Not really. The article mentions that using linear methods (i.e., LIBLINEAR) is one way to avoid the curse. LIBLINEAR is specifically designed for situations in which you have many features and relatively few training instances. When using a linear classifier it may make sense to simply generate as many features as you can, and then use, i.e., lasso regression in order to do feature selection. http://www.csie.ntu.edu.tw/~cjlin/liblinear/

Not strictly as many features as you can - there are many ways that you can add huge numbers of highly correlated and redundant features that limit the effectiveness of both the classifier as well as selection or regularization methods.

A simple example of this is in natural language processing. Adding dependency or phrase structure parse features to an n-gram bag-of-words model might result in an order of magnitude increase in the number of dimensions in your feature space, and ends up harming classification accuracy, even with tightly controlled and elegant feature selection methods.

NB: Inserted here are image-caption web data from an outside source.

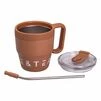 Термочашка Coffee &amp; Tea з трубочкою коричнева HP-14-23BR - 5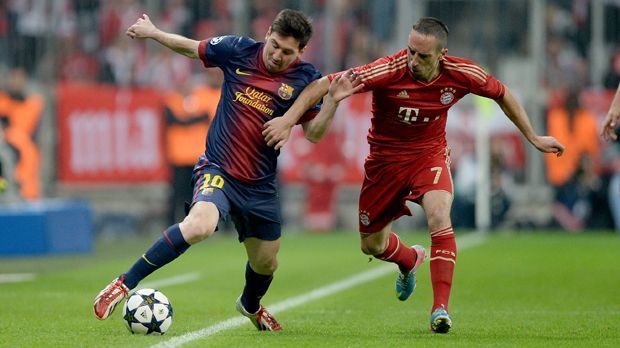 
                <strong>FC Bayern vs. FC Barcelona 2013 - 4:0</strong><br>
                FC Bayern vs. FC Barcelona 2013 - 4:0: Vor dem Halbfinale 2013 gilt der FC Bayern gegen die damals beste Mannschaft der Welt sogar als Außenseiter. Doch auf dem Weg zum Titel 2013 kann auch der FC Barcelona Ribery und Co. nicht stoppen und geht in München mit 4:0 unter.
              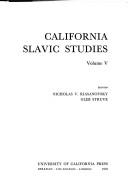 Cover of: California Slavic Studies Volume 5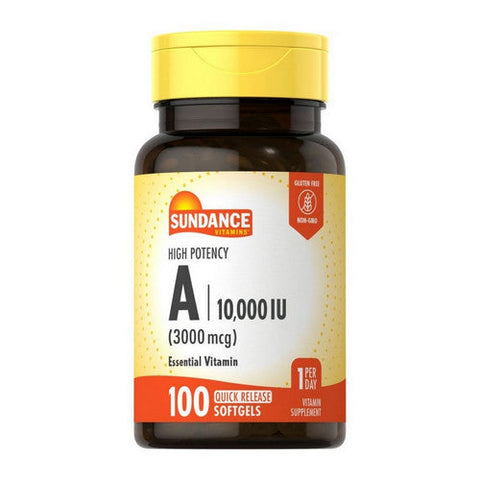 Sundance, High Potency Vitamin A, 3000 Mcg, 100 Softgels Sundance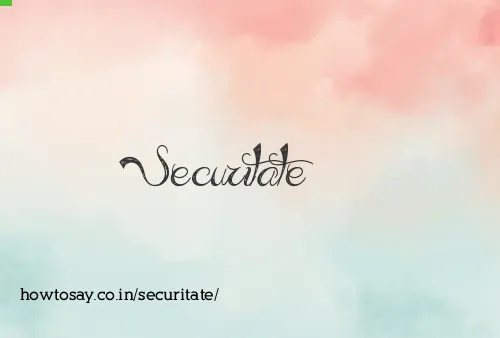 Securitate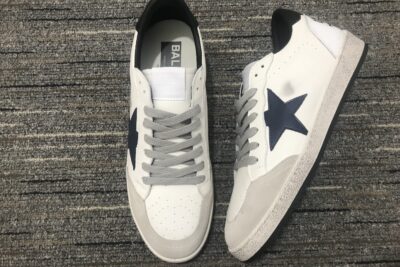 Golden Goose Ball Star Sneakers White Black Blue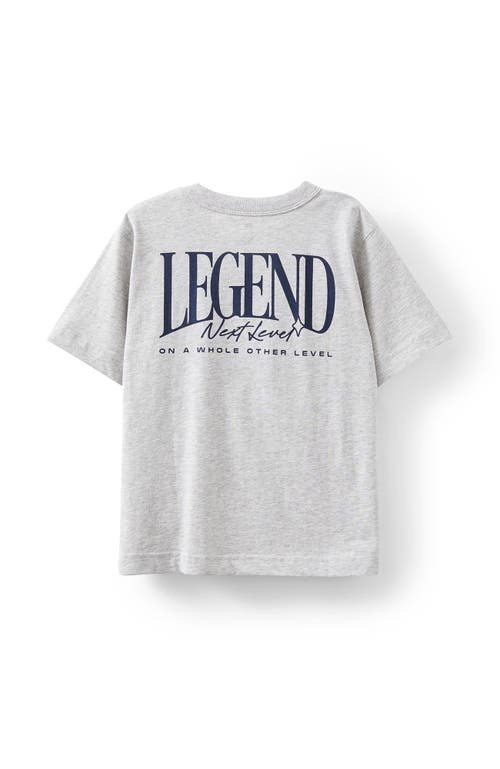 Cotton On Kids Kid's Jonny Short Sleeve Graphic Print Tee In Gray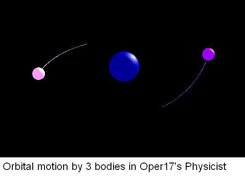 Orbitol motion with trailing effect in Oper17's Physicist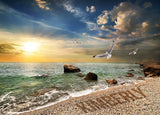 Seagulls On The Beach / 100718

But the article used a linear model to demonstrate the curse, and the model was overfit just with 3 dimensions. There is clearly something missing: for example, for text data it is not uncommon to have thousands or hundred thousands of dimensions, and algorithms work fine.

I think the missing piece is regularisation. It doesn't have to do feature selection and actually reduce the number of dimensions, but you're right that using L1 for such data is usually a good idea.

The article had very few data points, that's why it worked with 3 dimensions. The deciding factor is how N (effective number of data points) compares with p (effective number of features).